| Data to examine |
# # # # #

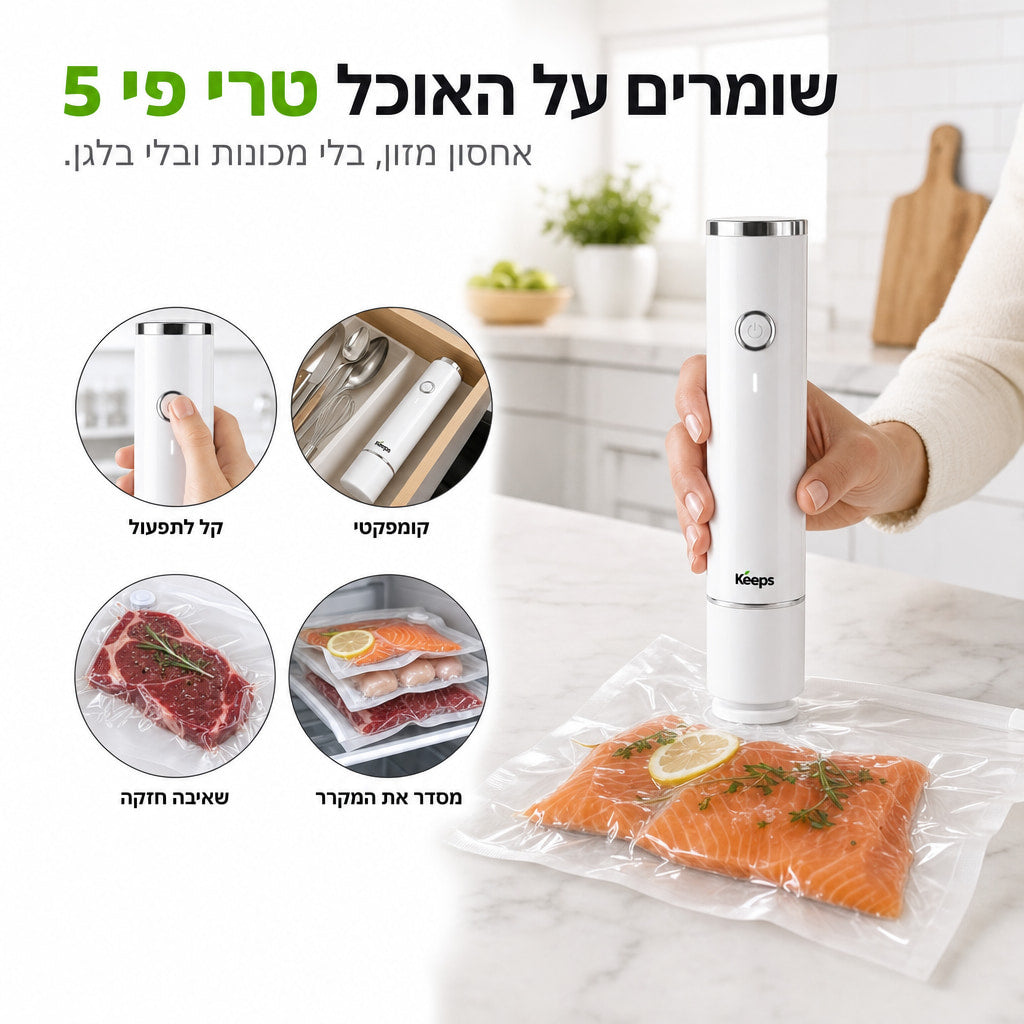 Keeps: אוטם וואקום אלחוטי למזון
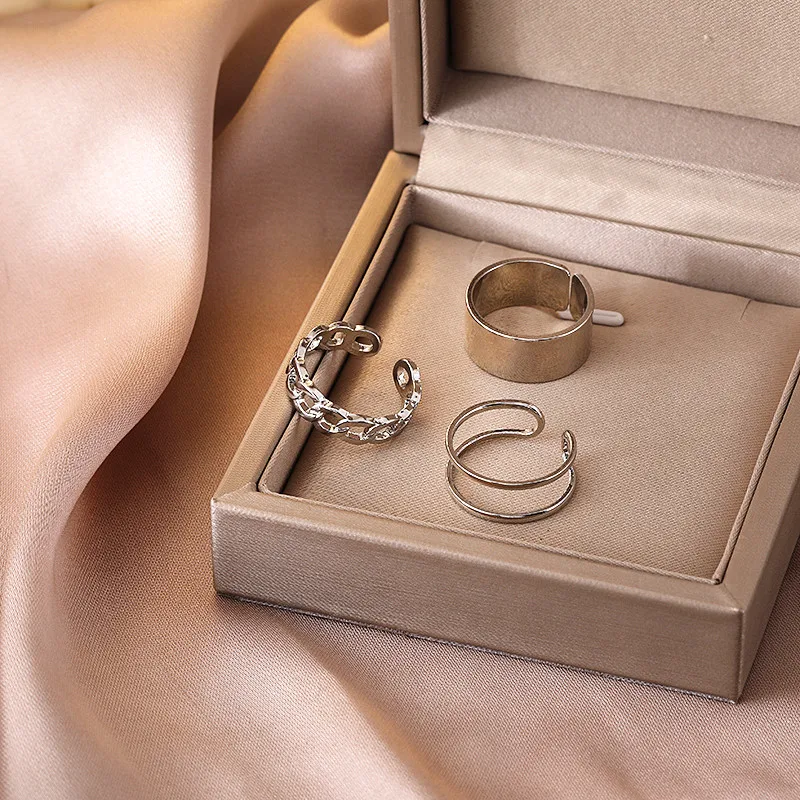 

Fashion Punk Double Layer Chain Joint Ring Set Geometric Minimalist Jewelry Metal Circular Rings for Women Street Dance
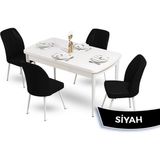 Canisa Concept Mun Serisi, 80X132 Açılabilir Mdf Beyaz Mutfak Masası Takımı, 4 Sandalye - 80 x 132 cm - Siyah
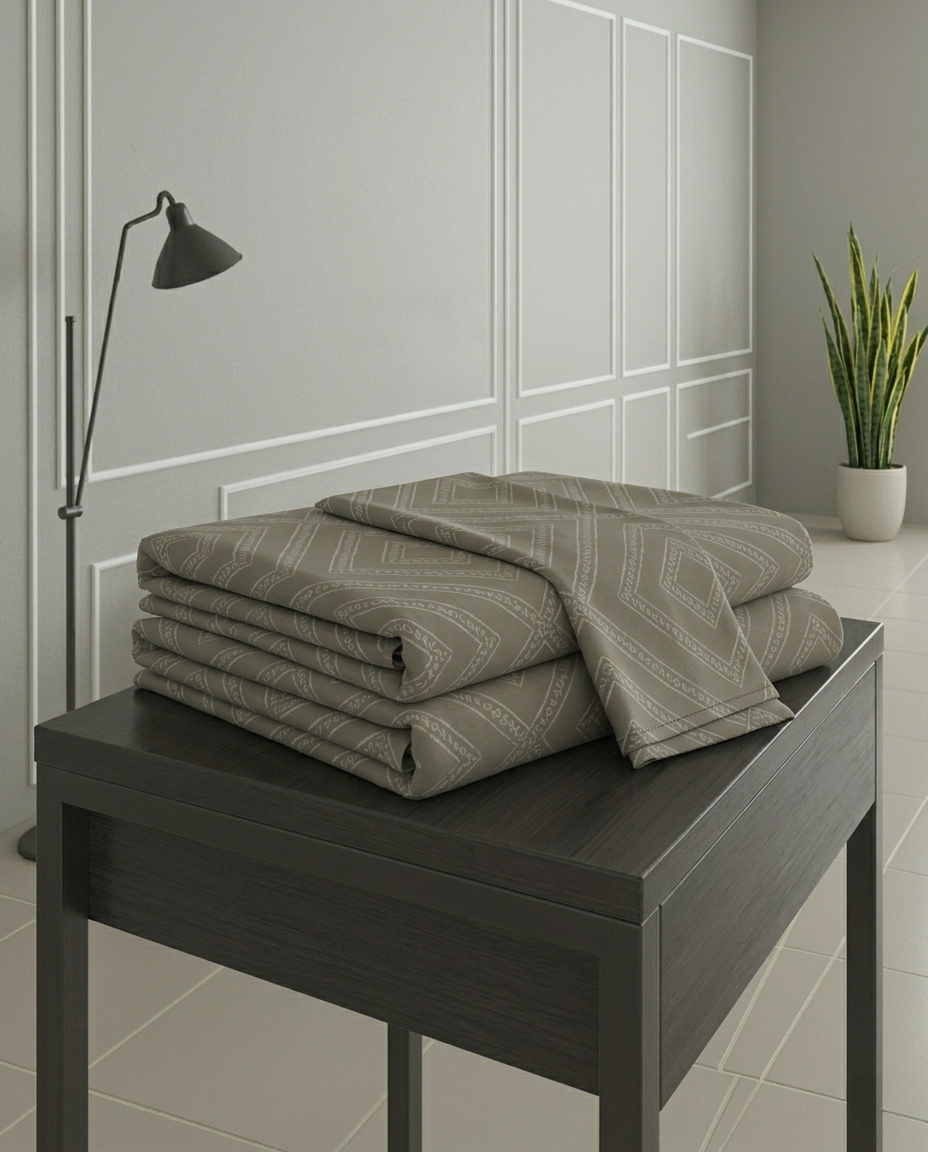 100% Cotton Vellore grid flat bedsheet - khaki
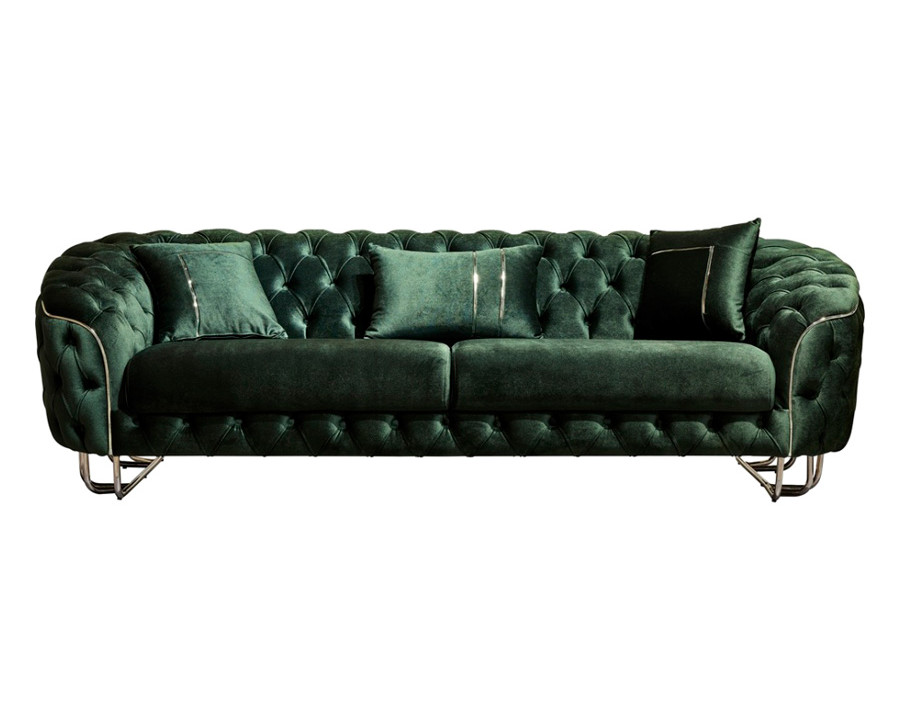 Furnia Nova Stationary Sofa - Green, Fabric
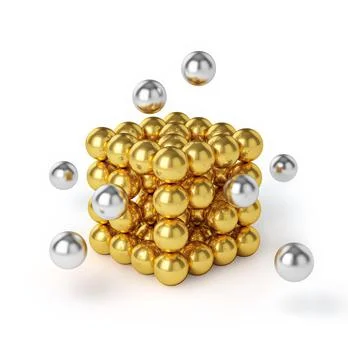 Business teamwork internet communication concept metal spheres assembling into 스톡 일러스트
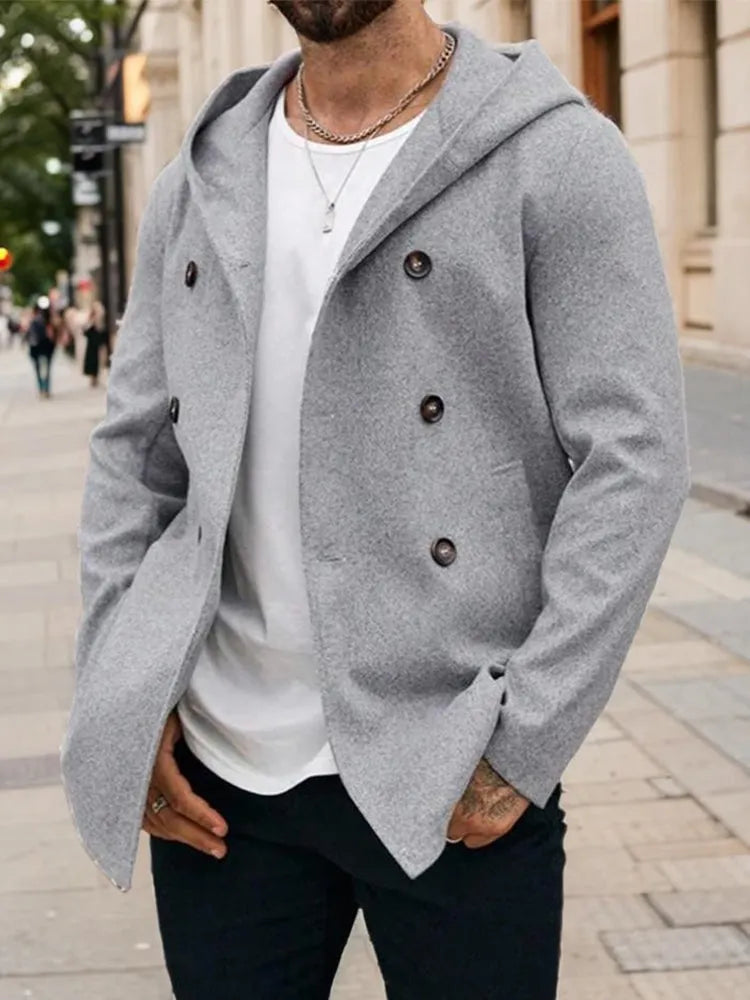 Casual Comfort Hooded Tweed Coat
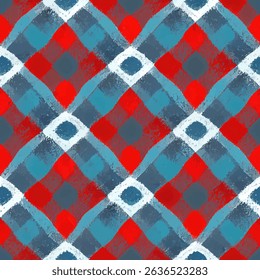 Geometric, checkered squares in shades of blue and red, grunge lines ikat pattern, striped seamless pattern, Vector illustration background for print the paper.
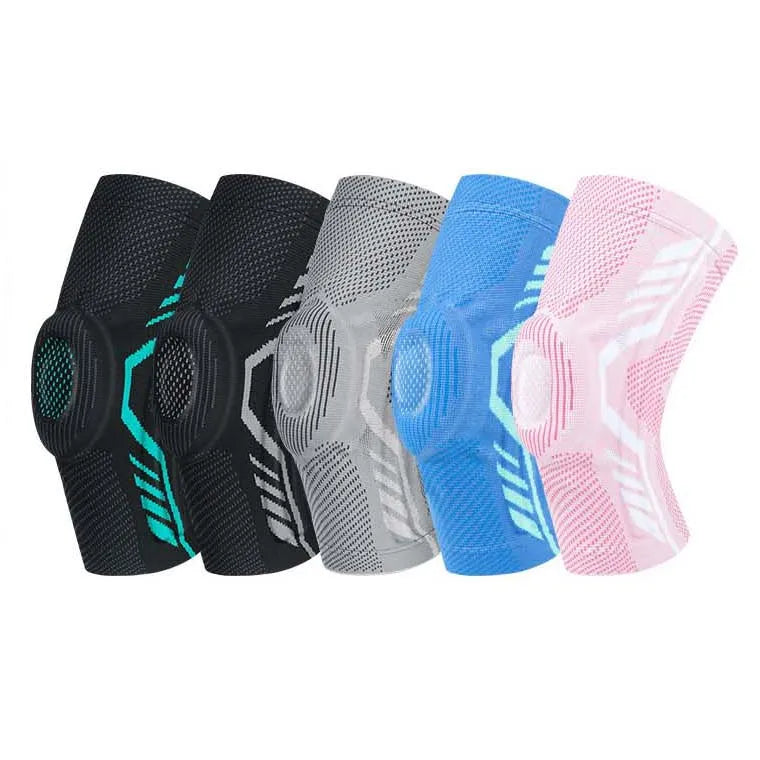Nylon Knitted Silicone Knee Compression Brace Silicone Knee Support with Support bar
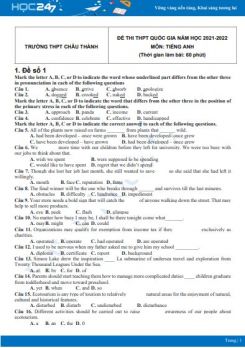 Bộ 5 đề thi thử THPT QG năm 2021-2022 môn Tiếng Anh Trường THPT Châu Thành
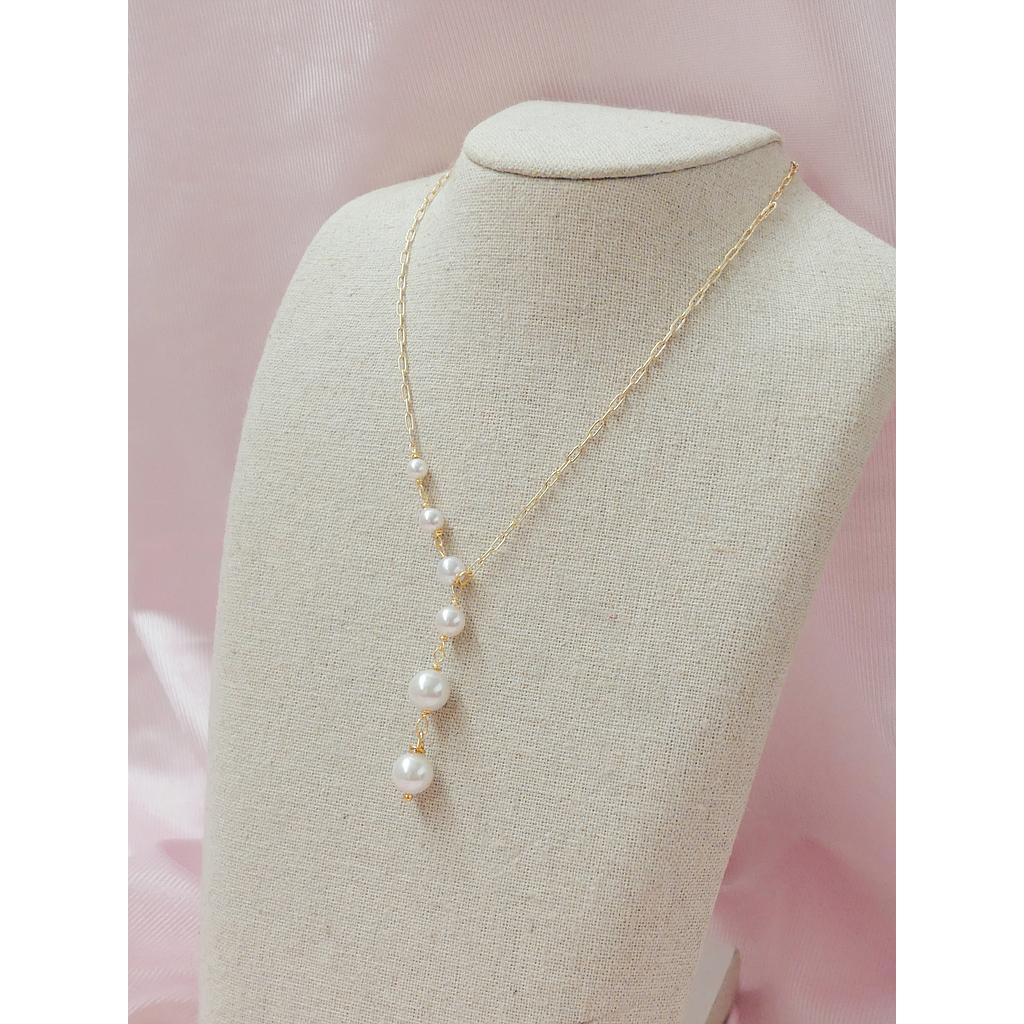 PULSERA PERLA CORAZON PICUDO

# # # # #

Only the lines from the line containing "Bộ 5 đề thi" through the end of the material should be retyped, exactly and in full, with no pictures.

| Output below |
 Bộ 5 đề thi thử THPT QG năm 2021-2022 môn Tiếng Anh Trường THPT Châu Thành
 PULSERA PERLA CORAZON PICUDO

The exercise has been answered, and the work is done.